- Born: March 7, 1875 Jacksonville, Illinois
- Died: July 1, 1952 (aged 77) Branford, Connecticut
- Known for: Indo-Hittite hypothesis; Founding member of the Linguistic Society of America; Sturtevant's paradox; Sturtevant's law;
- Children: Julian M. Sturtevant

Academic background
- Education: Indiana University University of Chicago

Academic work
- Discipline: Linguistics
- Sub-discipline: Hittite language
- Institutions: Columbia University Yale University

= Edgar Howard Sturtevant =

American linguist (1875–1952)

Edgar Howard Sturtevant (March 7, 1875 – July 1, 1952) was an American linguist.

==Biography==
Sturtevant was born in Jacksonville, Illinois, the older brother of Alfred Sturtevant and grandson of educator Julian Monson Sturtevant. He studied at Illinois College, where his grandfather was president, and obtained an A.B. from Indiana University Bloomington, then the University of Chicago receiving there in 1901 a Ph.D. with a dissertation on Latin case forms. He became an assistant professor of classical philology at Columbia University before joining the linguistics faculty at Yale University in 1923. In 1924, he was a member of the organizing committee for the founding, with Leonard Bloomfield and George M. Bolling, of the Linguistic Society of America (LSA).

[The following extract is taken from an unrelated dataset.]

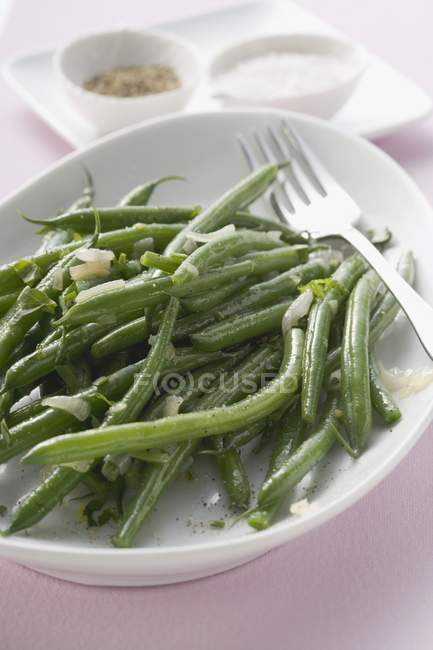 Grüne Bohnen mit Zwiebeln, Salz und Pfeffer im Hintergrund — Stockfoto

Besides research on Native American languages and field work on the Modern American English dialects, he is the father of the Indo-Hittite hypothesis, first formulated in 1926, based on his seminal work establishing the Indo-European character of Hittite (and the related Anatolian languages), with Hittite exhibiting more archaic traits than the normally reconstructed forms for Proto-Indo-European.

He authored the first scientifically acceptable Hittite grammar with a chrestomathy and a glossary, formulated the so-called Sturtevant's law (the doubling of consonants representing Proto-Indo-European voiceless stops) and laid the foundations to what later became the Goetze–Wittmann law (the spirantization of palatal stops before u as the focal origin of the centum–satem isogloss). The 1951 revised edition of his grammar (co-authored with E. Adelaide Hahn) is still useful today, although it was superseded in 2008 by Harry A. Hoffner and Craig Melchert's Grammar of the Hittite Language, for which a second edition was published in 2024.

Sturtevant was elected to the American Philosophical Society in 1939 and the American Academy of Arts and Sciences in 1940.

Sturtevant died in Branford, Connecticut. His son, Julian M. Sturtevant, was a chemist and molecular biophysicist at Yale University.

==Selected works==
- Sturtevant, E. H. (1917). "Linguistic Change: An introduction to the historical study of language"
- Sturtevant, E. H. (1920, 1940). The Pronunciation of Greek and Latin: The Sounds and Accents. First edition Illinois: The University of Chicago Press, September 1920. Second edition Philadelphia: Linguistic Society of America, University of Pennsylvania, 1940.
- Sturtevant, E. H. (1926). "On the Position of Hittite among the Indo-European Languages"
- Sturtevant, Edgar Howard (1931). "Hittite Glossary: Words of Known or Conjectured Meaning, with Sumerian Ideograms and Accadian Words Common in Hittite Texts"
- Sturtevant, Edgar H. (1932). "The Development of the Stops in Hittite"
- Sturtevant, Edgar H. A. (1933, 1951). A Comparative Grammar of the Hittite Language]. New Haven: Yale University Press. First edition: 1933. Revised edition co-authored with E. Adelaide Hahn: 1951.
- Sturtevant, Edgar H. (1935). "A Hittite Chrestomathy"
- Sturtevant, E. H. (1940). "Evidence for Voicing in Indo-Hittite γ"
- Sturtevant, Edgar H. (1942). "The Indo-Hittite Laryngeals" doi:10.2307/j.ctt1x76d2x.